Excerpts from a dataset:
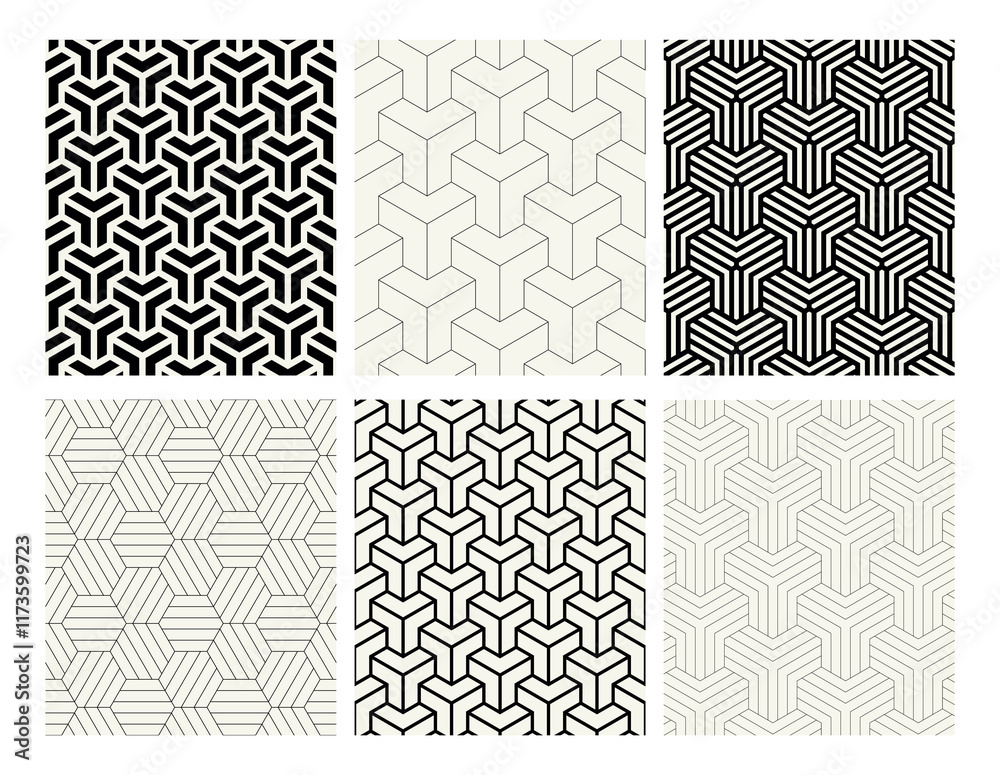 Fototapeta premium Vector seamless patterns set. Stylish linear ornaments. Geometric backgrounds with thin and bold hexagons. Regular monochrome swatches. Basic versatile tileable grids.
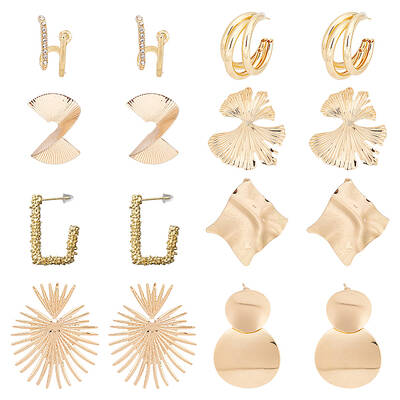 8 Pairs 8 Style Gingko Leaf & Fan & Spiral & Trapezoid Alloy Dangle Stud Earrings for Women
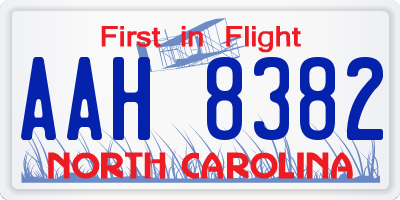 NC license plate AAH8382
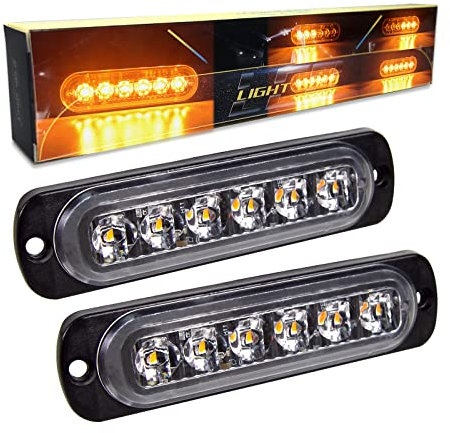RIGIDON 2 Pz Arancione 6 LED Lampada di Emergenza Strobo Barra Luminosa, 12V 24V Impermeabile Luce Lampeggiante per Camion Auto Trattori Elevatori SUV 4x4 Veicolo
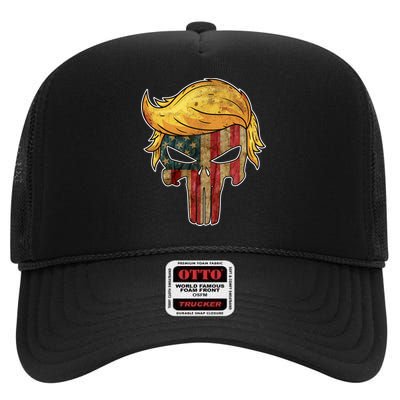 Trump American Skull Golden Hair High Crown Mesh Back Trucker Hat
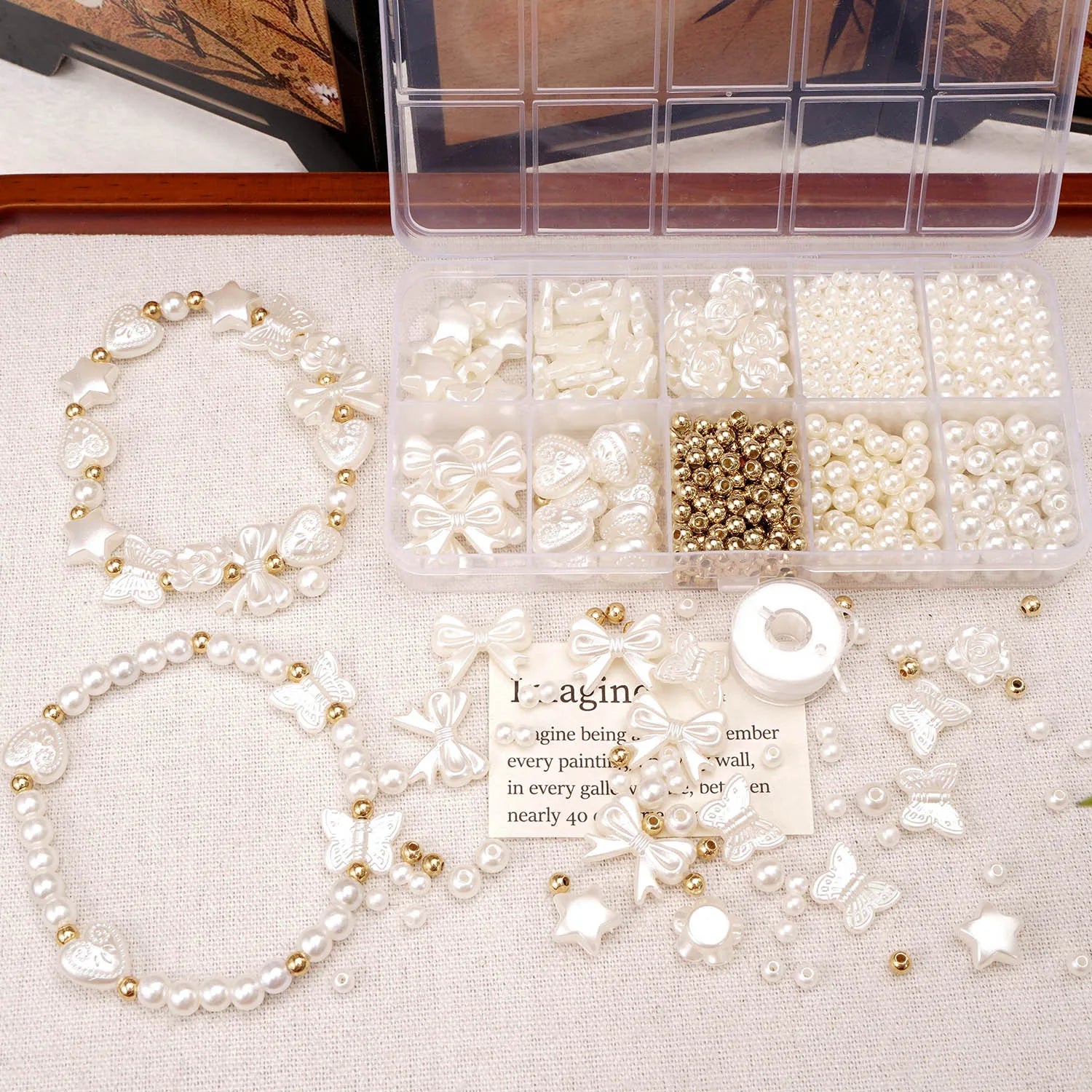 800 Piece Faux Pearl Beading Kit Jewelry Making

## Exercise
Word for word, restate all of the records. Exclude the pictures.

## Task result
 Fototapeta premium Vector seamless patterns set. Stylish linear ornaments. Geometric backgrounds with thin and bold hexagons. Regular monochrome swatches. Basic versatile tileable grids.
 8 Pairs 8 Style Gingko Leaf & Fan & Spiral & Trapezoid Alloy Dangle Stud Earrings for Women
 NC license plate AAH8382
RIGIDON 2 Pz Arancione 6 LED Lampada di Emergenza Strobo Barra Luminosa, 12V 24V Impermeabile Luce Lampeggiante per Camion Auto Trattori Elevatori SUV 4x4 Veicolo
 Trump American Skull Golden Hair High Crown Mesh Back Trucker Hat
 800 Piece Faux Pearl Beading Kit Jewelry Making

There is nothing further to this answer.